Acid Death Fantasy
This slim hardbacked book provides a realm for the game Troika!, it introduces the reader to the Thousand Sultanates and the Wastes that surround them. It's a post-apocalyptic science fantasy setting that leans more to the science fiction end of the spectrum. The bulk of the book is taken up with new character classes and creatures with a few pages of descriptions and a few tables and bullet points about what you might do with the content.
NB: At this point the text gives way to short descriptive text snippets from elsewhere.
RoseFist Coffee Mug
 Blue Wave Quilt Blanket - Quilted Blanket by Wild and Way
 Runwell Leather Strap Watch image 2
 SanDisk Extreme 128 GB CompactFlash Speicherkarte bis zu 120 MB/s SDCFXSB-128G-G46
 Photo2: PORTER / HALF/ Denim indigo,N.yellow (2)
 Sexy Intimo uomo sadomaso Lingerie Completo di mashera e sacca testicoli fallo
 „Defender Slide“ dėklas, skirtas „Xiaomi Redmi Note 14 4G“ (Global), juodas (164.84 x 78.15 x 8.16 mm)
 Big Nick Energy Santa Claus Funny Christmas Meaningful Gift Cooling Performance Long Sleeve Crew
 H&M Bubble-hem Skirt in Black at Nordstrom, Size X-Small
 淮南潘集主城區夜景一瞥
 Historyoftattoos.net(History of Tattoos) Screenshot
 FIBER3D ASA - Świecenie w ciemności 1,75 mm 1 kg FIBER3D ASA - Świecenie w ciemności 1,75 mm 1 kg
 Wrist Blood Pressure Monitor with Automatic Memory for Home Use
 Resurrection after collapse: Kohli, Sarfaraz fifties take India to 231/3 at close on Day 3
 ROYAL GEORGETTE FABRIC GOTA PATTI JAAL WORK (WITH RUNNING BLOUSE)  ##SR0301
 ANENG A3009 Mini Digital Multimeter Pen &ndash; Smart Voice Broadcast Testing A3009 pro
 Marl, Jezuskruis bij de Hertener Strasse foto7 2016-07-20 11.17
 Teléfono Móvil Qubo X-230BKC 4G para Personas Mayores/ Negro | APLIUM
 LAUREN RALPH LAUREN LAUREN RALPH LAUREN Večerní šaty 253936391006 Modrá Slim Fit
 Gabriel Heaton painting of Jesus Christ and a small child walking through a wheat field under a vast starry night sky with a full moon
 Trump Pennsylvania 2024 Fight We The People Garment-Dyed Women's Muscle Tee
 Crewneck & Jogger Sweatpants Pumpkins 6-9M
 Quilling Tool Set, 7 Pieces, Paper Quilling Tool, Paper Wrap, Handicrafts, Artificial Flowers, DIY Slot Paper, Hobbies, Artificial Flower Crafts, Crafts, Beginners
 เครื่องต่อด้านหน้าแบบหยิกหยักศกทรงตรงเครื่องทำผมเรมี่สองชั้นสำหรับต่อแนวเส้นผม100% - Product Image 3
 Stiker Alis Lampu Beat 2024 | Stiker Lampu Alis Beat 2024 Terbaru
It's a beautiful book. I'm not sure I've seen something as striking since Mork Borg. As a teenager I loved the worlds that were conjured up by the artists in magazines like White Dwarf. I think the art direction here has the same potential to do the same for someone reading this now. It's coherent in terms of style, palette and feeling. It illustrates and amplifies the text and it feels necessary. It opens a door onto a strange world of possibility.
It is the most coherent and interesting realm I've read for Troika!. I'm not sure whether this is purely because its well written and designed or simply because I found the ideas and tropes of the setting interesting on a personal level.
One common feature of Troika material is pitching the tone from a starting point of the gonzo and surreal into the defiantly obscure and then sometimes further still into deliberate alienation beyond a tiny insider core audience. Acid Death Fantasy instead uses the character outlines in the archetypes and creatures to sketch a sense of the wider world being described.
Take the following examples from the background options, a Dune Rider:
You were an outrider of your fleet ..., guiding the fleet away from danger and towards vulnerable targets. Something happened and you left, perhaps by choice. You still have your single-rider craft but you've lost your purpose.
And this from the Warflock Outcast
Exiled from the Warflock you wander aimlessly, or is there some other purpose to your travels?
In both cases there is a suggestion of the character belonging to a wider society and world with its own views and morals. An emotional conflict for the character is suggested but is open enough to interpretation to allow each character created to the template to be different. It's a subtle but important quality.
Sadly the book ends with a whimper not a bang. Having introduced all kinds of strange and alluring ideas one of the tongue in cheek suggestions for problems the adventurers might tackle is a mysterious disappearing of shoes.
I would have loved to see a more compelling set of idea generation tables or may be a few pages of sketched situations to serve as jumping off points for a game. Situations that might both embody the world and beg the question of players: what do you do?